:: Extracted material ::
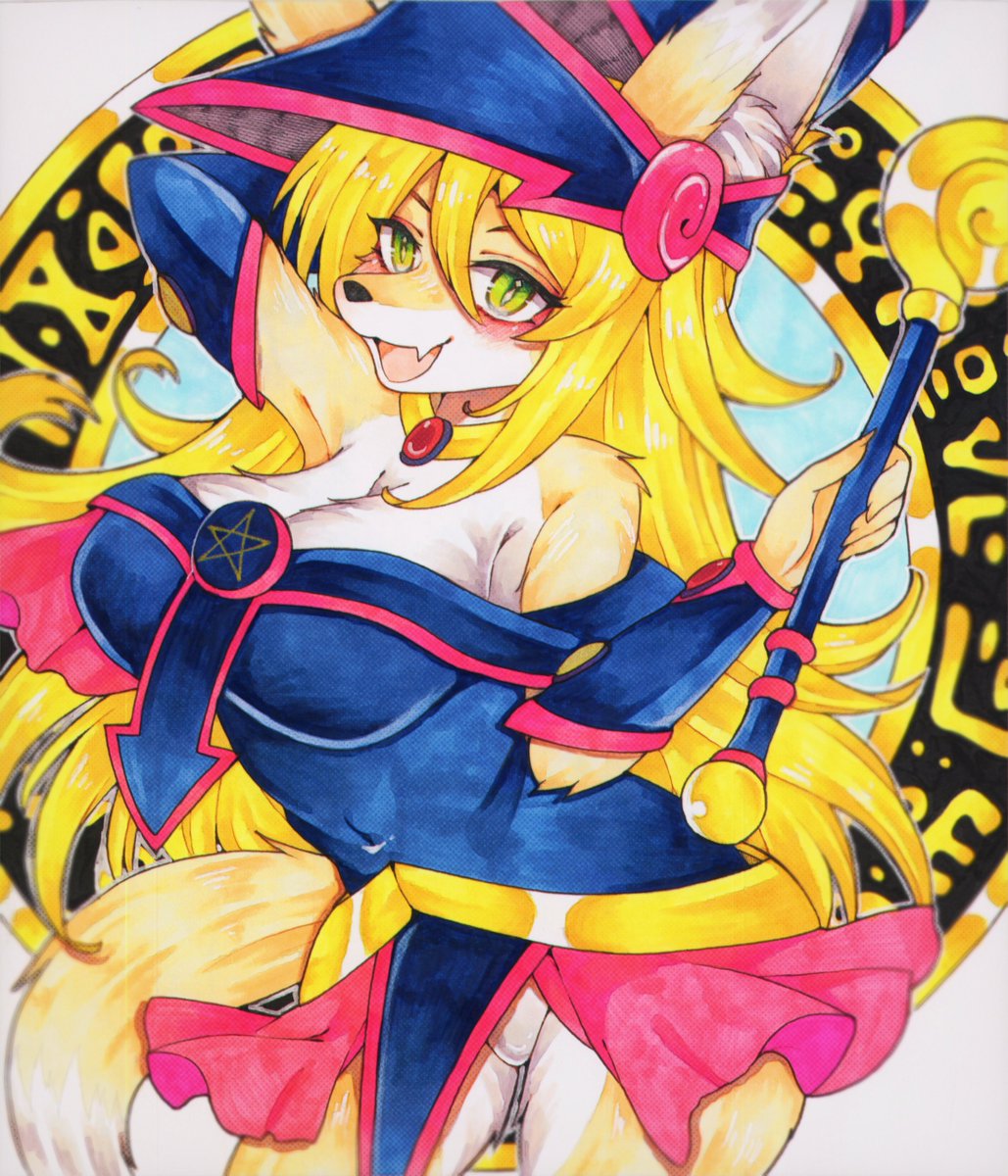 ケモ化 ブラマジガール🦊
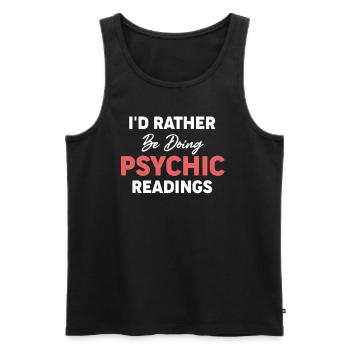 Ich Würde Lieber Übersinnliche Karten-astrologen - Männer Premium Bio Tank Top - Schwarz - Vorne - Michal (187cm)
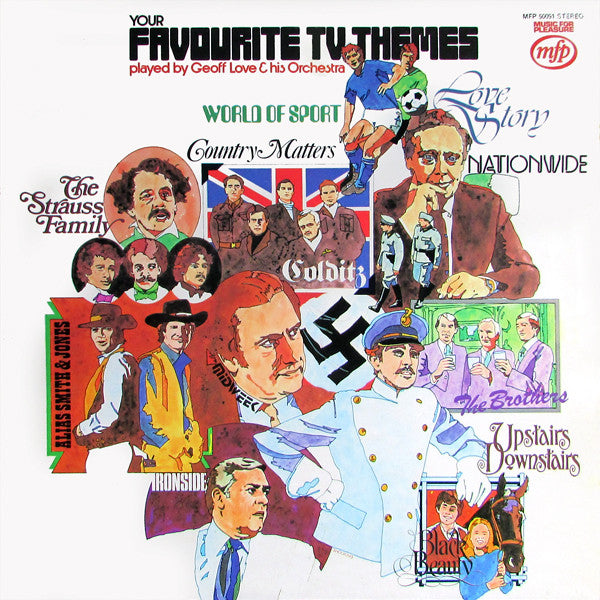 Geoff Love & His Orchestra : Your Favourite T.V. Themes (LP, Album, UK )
* * *
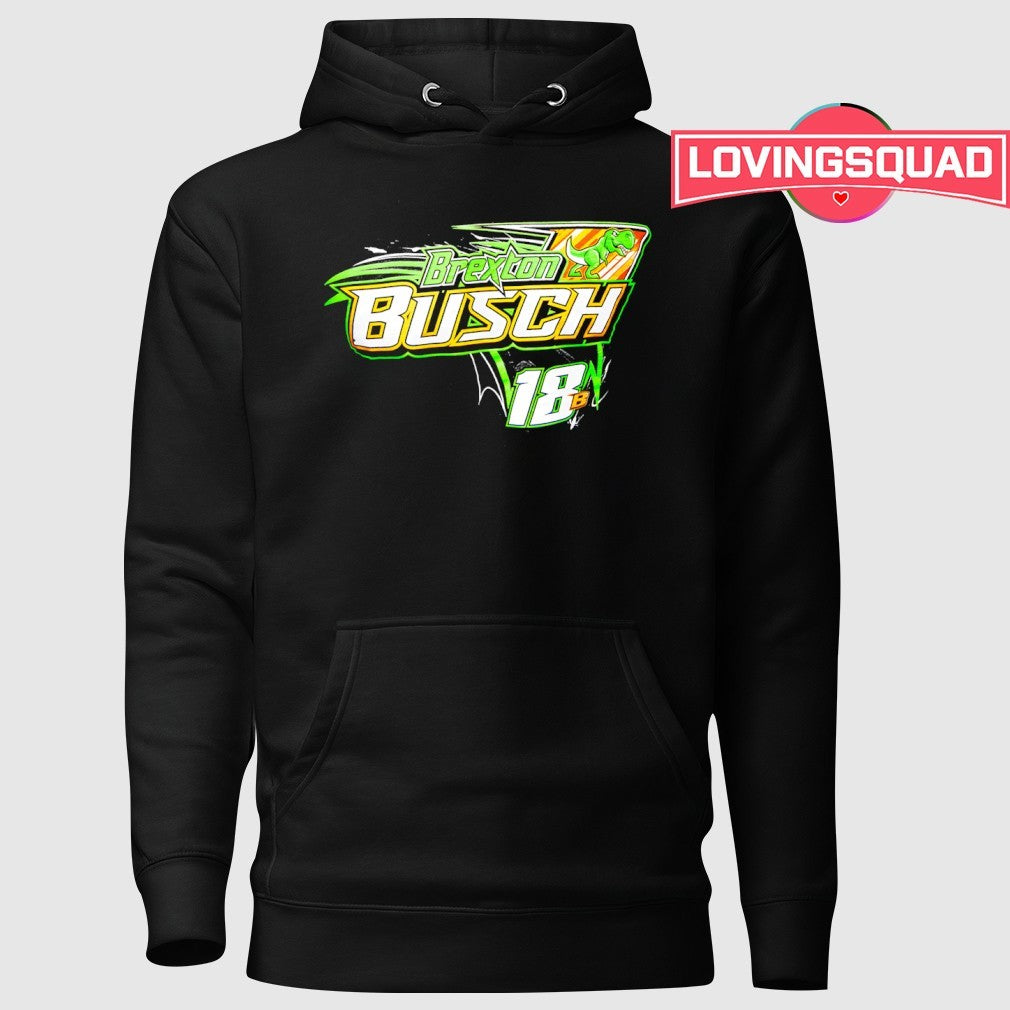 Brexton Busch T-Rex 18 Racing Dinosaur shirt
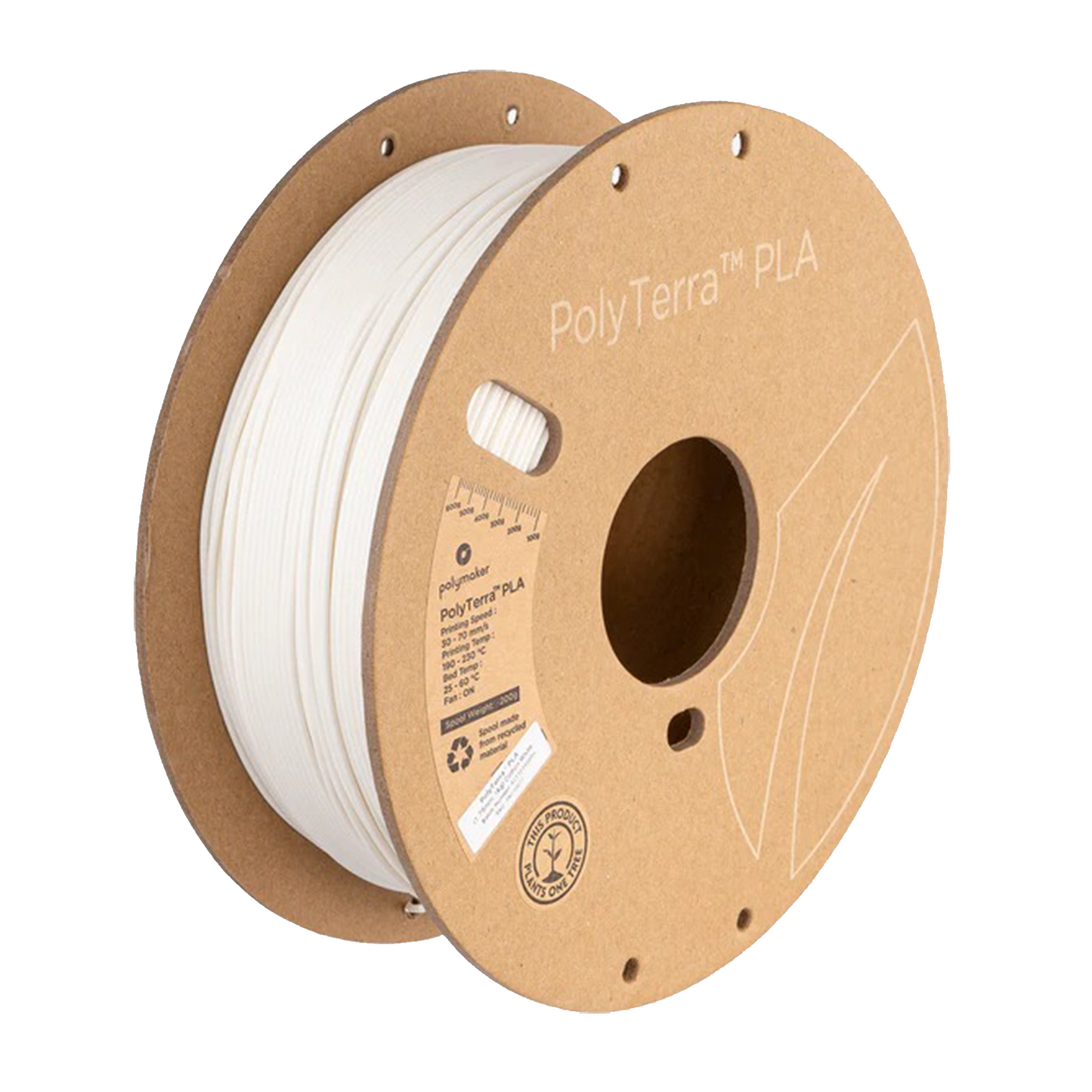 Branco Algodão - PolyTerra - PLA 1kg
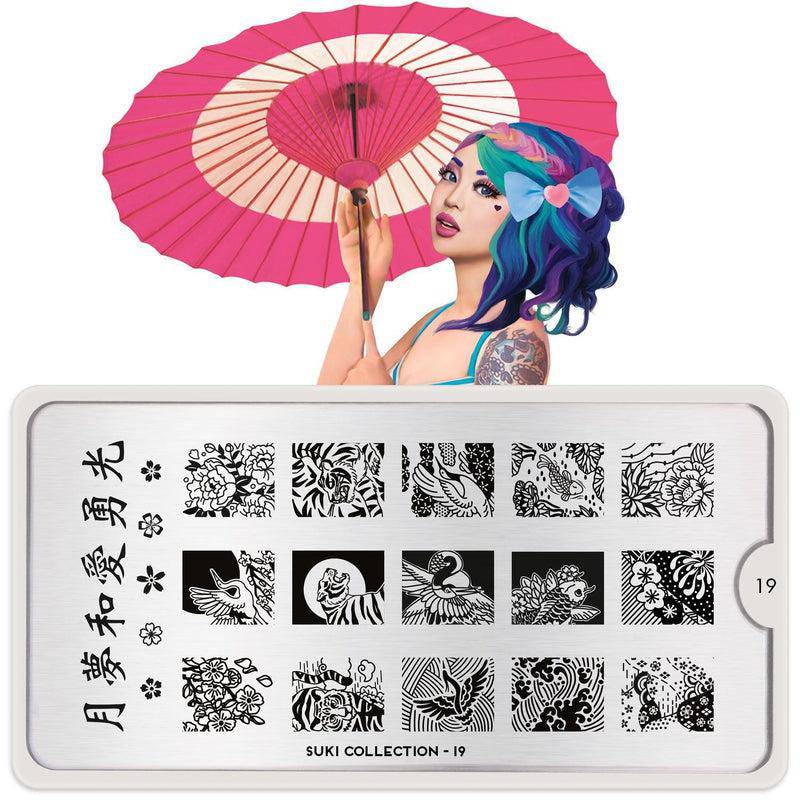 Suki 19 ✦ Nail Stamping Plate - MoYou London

:: Task brief ::
In the material above, one part opens with the line containing "Ich Würde Lieber" and closes with the line containing "Geoff Love &". Write out that part exactly and skip its pictures.

:: Finished exercise ::
 Ich Würde Lieber Übersinnliche Karten-astrologen - Männer Premium Bio Tank Top - Schwarz - Vorne - Michal (187cm)
 Geoff Love & His Orchestra : Your Favourite T.V. Themes (LP, Album, UK )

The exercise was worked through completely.